→ DATA IN THIS EXERCISE:
▼

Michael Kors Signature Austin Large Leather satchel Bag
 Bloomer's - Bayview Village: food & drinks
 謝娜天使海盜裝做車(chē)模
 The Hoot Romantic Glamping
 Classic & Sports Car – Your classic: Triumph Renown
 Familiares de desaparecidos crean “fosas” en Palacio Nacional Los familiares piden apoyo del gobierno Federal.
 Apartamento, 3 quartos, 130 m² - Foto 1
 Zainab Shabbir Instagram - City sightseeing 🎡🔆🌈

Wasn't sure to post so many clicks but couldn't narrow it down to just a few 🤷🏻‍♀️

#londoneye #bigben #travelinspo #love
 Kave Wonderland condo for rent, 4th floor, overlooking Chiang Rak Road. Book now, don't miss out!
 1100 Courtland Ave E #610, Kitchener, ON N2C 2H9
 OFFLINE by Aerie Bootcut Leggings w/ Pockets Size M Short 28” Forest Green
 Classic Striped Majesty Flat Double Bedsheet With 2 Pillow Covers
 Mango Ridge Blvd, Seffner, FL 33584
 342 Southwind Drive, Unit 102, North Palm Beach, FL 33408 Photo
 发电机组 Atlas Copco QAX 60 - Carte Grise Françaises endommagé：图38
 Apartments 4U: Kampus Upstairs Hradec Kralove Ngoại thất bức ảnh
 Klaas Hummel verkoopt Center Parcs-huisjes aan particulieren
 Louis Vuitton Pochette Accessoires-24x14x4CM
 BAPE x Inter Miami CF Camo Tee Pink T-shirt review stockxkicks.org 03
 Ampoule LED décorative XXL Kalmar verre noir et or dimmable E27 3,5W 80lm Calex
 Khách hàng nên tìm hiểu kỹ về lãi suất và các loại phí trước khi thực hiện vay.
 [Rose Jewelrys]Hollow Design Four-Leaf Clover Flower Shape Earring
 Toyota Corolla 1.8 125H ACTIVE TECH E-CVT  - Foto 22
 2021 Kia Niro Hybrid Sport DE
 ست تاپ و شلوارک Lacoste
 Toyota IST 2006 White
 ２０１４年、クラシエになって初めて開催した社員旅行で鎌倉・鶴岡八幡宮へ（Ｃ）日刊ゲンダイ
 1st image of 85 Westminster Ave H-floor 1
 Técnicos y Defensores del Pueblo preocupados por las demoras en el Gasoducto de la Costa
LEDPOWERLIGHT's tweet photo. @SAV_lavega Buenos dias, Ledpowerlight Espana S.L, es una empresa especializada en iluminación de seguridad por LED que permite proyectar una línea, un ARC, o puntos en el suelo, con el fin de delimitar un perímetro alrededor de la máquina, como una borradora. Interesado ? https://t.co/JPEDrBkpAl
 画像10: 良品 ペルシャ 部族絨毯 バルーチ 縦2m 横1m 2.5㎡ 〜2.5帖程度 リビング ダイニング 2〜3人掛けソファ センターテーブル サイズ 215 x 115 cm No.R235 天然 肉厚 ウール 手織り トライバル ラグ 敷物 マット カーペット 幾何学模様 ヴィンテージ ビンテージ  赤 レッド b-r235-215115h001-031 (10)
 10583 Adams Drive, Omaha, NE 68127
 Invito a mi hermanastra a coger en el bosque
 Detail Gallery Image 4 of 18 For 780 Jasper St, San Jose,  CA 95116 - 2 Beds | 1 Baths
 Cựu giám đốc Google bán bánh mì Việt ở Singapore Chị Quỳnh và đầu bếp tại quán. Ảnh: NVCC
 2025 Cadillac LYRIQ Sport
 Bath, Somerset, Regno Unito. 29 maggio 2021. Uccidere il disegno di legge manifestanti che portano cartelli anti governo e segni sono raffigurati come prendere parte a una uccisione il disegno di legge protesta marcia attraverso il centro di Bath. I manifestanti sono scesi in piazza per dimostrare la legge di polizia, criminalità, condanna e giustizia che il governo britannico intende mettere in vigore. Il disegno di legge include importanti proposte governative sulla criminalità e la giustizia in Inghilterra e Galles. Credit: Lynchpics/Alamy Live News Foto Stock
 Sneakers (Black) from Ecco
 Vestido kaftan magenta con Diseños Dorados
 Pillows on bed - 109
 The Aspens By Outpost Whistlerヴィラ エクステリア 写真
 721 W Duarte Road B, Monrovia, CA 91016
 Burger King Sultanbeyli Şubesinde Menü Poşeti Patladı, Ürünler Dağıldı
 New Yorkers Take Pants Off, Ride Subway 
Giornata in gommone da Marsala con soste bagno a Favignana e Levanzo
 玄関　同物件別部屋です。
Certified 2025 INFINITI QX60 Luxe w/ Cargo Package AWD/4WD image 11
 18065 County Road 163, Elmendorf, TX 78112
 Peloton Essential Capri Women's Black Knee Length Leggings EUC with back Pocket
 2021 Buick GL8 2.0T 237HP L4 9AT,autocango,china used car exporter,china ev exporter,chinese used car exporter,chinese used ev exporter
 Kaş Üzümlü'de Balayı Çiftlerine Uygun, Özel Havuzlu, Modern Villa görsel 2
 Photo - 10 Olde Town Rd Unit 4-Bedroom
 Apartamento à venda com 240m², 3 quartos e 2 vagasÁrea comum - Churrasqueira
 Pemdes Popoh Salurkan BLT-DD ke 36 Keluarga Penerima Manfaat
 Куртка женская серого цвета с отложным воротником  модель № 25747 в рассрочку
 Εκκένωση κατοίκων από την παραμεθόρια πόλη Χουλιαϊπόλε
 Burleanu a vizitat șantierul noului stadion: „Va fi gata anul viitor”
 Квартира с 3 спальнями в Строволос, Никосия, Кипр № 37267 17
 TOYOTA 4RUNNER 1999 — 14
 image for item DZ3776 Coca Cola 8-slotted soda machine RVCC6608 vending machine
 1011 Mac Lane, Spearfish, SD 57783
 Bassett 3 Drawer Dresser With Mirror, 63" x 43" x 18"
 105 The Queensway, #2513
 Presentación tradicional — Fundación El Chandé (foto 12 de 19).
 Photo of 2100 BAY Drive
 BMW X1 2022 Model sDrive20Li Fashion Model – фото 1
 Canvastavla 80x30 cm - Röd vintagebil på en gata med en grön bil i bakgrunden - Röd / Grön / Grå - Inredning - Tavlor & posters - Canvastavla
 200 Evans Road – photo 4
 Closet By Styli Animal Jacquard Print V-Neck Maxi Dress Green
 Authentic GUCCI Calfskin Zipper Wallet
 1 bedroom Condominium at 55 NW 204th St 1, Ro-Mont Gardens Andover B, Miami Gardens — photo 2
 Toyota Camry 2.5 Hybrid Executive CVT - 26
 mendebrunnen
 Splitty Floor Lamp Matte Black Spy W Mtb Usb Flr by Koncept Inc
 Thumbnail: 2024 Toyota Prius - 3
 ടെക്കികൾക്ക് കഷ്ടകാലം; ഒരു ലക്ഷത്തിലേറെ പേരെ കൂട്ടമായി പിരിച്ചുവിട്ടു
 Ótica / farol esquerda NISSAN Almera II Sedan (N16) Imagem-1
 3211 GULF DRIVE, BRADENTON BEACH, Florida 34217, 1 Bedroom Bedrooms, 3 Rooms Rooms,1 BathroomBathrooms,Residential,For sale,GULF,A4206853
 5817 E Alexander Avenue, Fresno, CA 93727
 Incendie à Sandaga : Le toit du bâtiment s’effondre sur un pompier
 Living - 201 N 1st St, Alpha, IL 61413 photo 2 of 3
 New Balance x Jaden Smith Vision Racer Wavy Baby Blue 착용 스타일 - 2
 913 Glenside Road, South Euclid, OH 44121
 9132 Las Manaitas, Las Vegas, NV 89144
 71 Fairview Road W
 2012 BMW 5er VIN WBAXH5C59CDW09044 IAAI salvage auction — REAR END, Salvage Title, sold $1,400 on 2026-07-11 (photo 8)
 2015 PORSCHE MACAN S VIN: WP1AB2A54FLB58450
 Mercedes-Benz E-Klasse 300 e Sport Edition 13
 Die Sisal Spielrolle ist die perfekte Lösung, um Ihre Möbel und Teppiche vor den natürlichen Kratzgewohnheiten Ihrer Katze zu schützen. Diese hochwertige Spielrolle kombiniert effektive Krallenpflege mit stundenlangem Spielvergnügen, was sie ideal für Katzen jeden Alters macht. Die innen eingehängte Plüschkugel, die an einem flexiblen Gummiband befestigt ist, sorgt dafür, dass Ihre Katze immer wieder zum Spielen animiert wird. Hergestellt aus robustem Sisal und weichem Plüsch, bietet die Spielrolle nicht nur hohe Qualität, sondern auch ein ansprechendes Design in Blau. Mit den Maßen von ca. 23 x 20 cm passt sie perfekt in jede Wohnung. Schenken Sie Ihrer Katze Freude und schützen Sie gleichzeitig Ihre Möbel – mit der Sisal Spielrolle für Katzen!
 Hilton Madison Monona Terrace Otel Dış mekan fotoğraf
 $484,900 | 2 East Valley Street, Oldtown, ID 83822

▲

→ TASK STATEMENT:
In the listing above, find the line with "Квартира с 3" and the line with "Authentic GUCCI Calfskin Zipper Wallet"; output exactly those lines and all lines between them.

→ ANSWER SECTION:
 Квартира с 3 спальнями в Строволос, Никосия, Кипр № 37267 17
 TOYOTA 4RUNNER 1999 — 14
 image for item DZ3776 Coca Cola 8-slotted soda machine RVCC6608 vending machine
 1011 Mac Lane, Spearfish, SD 57783
 Bassett 3 Drawer Dresser With Mirror, 63" x 43" x 18"
 105 The Queensway, #2513
 Presentación tradicional — Fundación El Chandé (foto 12 de 19).
 Photo of 2100 BAY Drive
 BMW X1 2022 Model sDrive20Li Fashion Model – фото 1
 Canvastavla 80x30 cm - Röd vintagebil på en gata med en grön bil i bakgrunden - Röd / Grön / Grå - Inredning - Tavlor & posters - Canvastavla
 200 Evans Road – photo 4
 Closet By Styli Animal Jacquard Print V-Neck Maxi Dress Green
 Authentic GUCCI Calfskin Zipper Wallet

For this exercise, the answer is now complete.